When writeback occurs, you see a cluster of sequential writes for each
file but with gaps where clusters are used by other files (as if
writeback is happening per process at different times). This results
in a random access pattern. Ideally an IO scheduler would recognise
these are cooperating processes, merge these 4 clusters of activities
to result in a sequential write pattern and combine into fewer larger
writes.

This is important for SD cards, because their write throughput is very
dependent on access patterns and size of write request. For example my
current SD card and above access pattern (with writes averaging 60KB)
results in a write throughput for a fully utilised device of less than
a few MB/S. This may seem contrary to the performance claims of SD
card manufacturers, but those claims are typically made for sequential
access with 512KB writes. Further, the claims made for the UHS speed
grades, e.g. U3 and the video class grades, e.g. V90 also assume that
specific SD card commands are used to enter a specific speed grade
mode (which isn't supported in Linux it seems). In other words larger
write accesses and more sequential access patterns will increase the
available bandwidth. (The only exception appears to be for the
application classes of SD cards which are optimised for random access
at 4KB).

I've explored the various mq schedulers (i'm still learning) - though
I understand that to prevent software being a bottleneck for fast
devices each core (or is that process?) has its own queue. As a result
schedulers can't make decisions across those queues (as that defeats
the point of mq). Thus implying that in my use-case, where
"cooperating processes" are on separate cores, then there is no
capability for the scheduler to combine the interleaved writes (I
notice that bfq has logic to detect this, though not sure if it's for
reads or rotational devices).

I've seen that mq-deadline appears to sort it's dispatch queue (I
understand a single queue for the device - so this is where those
software queues join) by sector - combined with the write_expire and
fifo_depth tunables - then it appears that mq-deadline does a good job
of turning interleaved writes to sequential writes (even across
processes running on different cores).

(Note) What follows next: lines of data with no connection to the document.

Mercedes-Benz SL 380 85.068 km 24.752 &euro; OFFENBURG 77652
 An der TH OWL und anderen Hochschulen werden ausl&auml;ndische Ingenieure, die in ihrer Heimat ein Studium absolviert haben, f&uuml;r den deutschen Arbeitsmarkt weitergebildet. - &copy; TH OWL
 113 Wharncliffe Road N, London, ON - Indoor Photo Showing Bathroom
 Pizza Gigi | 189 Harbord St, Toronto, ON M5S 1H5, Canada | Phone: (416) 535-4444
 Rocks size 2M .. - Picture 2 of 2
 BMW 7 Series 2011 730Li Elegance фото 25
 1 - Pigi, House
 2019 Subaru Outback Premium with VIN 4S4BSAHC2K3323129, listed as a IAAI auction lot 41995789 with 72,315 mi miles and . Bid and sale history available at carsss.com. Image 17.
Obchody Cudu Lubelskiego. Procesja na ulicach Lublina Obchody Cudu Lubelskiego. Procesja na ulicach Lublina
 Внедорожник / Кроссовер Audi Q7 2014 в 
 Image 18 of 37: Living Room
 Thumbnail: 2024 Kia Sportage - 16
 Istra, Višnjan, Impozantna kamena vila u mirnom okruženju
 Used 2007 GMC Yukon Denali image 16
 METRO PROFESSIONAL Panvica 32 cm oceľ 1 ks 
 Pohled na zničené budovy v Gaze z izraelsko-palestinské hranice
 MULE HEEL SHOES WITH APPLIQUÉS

However it doesn't appear to
combine writes which would greatly help.

Many of the schedulers aim to achieve a maximum latency, but it feels
like for slow devices, then a minimum write latency and ability to
reorder and combine those writes across cores would be beneficial.

I'm keen to understand if there is anything I've missed? Perhaps there
are tuneables or a specific scheduler that fits this purpose? Are my
assumptions about the mq layer correct?

Does it make sense to add merging in the dispatch queue (within
mq-deadline), is this the right approach?

Thanks,

Andrew Murray